3. Maximization of existing security stacks
The current economic climate dictates all enterprises become more efficient in their spending.
As a result, storage and security leaders are looking for ways to derive maximum value from their existing tech stack, rather than adding more point solutions to it.
Security automation, for example, is one way to unify existing security investments and harness their potential, enabling organizations to get more bang for the buck from them, said Leonid Belkind, co-founder and CTO of security automation firm Torq.
“Expect to see increasing pressure to maximize the value of existing security stacks,” Belkind said.
4. Proactive automation
Belkind with Torq also believes that the proactive footprint of security automation will continue to expand.
Rather than focusing on retroactively building workflows and processes based on historic attacks, security automation deployments will shift to a proactive approach to safeguard data and help prevent attacks before they happen. Part of this involves security teams harnessing early threat intelligence signals and building defenses against them into their workflows and processes.

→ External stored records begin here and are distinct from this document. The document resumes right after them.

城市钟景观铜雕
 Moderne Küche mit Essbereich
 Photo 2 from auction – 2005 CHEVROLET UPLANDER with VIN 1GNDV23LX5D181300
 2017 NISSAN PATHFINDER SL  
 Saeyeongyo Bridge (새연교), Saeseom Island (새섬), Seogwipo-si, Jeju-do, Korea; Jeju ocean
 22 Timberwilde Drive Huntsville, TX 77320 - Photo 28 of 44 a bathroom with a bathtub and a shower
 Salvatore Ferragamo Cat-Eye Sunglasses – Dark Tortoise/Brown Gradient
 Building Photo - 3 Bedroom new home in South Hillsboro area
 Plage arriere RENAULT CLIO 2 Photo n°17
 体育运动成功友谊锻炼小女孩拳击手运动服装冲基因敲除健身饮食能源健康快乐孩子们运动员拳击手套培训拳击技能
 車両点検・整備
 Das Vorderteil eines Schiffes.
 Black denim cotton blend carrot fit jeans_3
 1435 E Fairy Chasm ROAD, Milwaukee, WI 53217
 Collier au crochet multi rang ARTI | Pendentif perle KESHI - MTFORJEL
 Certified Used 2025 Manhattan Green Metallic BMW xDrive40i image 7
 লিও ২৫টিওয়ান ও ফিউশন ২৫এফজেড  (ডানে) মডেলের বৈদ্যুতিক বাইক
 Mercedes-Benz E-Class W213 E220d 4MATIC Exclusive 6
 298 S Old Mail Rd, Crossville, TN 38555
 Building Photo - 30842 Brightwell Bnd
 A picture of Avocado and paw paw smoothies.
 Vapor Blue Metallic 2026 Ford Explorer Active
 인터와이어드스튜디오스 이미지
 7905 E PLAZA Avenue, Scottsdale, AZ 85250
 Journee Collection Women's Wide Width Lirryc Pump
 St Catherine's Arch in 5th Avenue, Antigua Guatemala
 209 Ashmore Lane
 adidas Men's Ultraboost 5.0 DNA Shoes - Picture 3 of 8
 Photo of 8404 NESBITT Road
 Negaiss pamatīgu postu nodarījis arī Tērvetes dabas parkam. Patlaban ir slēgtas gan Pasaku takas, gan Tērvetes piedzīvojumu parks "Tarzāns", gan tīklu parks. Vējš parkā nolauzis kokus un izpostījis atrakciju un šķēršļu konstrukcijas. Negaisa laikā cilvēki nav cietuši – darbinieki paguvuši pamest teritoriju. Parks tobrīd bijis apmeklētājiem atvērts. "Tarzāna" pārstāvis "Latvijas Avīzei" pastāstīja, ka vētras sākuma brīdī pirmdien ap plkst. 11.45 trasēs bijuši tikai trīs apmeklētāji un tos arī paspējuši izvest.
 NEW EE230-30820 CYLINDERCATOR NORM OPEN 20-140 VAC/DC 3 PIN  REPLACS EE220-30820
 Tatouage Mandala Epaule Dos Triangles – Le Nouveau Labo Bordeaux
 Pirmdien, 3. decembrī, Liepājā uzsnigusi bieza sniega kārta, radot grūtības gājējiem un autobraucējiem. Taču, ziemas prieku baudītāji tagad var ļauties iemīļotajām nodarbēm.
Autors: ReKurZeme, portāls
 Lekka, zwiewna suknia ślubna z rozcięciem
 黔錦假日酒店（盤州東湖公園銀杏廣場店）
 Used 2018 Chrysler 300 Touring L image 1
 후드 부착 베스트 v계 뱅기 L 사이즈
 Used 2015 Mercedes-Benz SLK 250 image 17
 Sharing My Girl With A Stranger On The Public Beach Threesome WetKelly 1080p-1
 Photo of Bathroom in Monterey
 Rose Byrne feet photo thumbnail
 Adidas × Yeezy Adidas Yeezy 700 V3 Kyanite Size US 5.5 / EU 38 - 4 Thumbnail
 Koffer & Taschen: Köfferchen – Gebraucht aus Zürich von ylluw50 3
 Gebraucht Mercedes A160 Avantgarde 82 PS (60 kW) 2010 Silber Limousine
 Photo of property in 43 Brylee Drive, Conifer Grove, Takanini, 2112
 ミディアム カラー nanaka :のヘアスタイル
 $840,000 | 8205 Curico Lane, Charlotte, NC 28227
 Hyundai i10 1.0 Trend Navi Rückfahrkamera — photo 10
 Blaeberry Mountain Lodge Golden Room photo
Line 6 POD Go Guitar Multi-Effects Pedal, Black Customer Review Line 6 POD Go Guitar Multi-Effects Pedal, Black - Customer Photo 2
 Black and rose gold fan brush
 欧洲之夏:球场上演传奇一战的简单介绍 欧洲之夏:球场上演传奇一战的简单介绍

“The result will be a comprehensive new offensive capacity framework that combines the entirety of the security stack into the most powerful protection approach to date,” Belkind said
5. No more dark corners
In addition, Belkind with Torq predicts that the security automation ecosystem will open up.
This will enable previously disparate security systems to talk to each other, so they can keep enterprise systems as well as storage and backup data secure.
His logic is simple: cybersecurity cannot exist in a vacuum. Systems, applications, and tools must become interoperable and interconnected. Security automation enables the seamless bridging of these systems, bringing them together under one roof, for comprehensive management, monitoring, and measurement.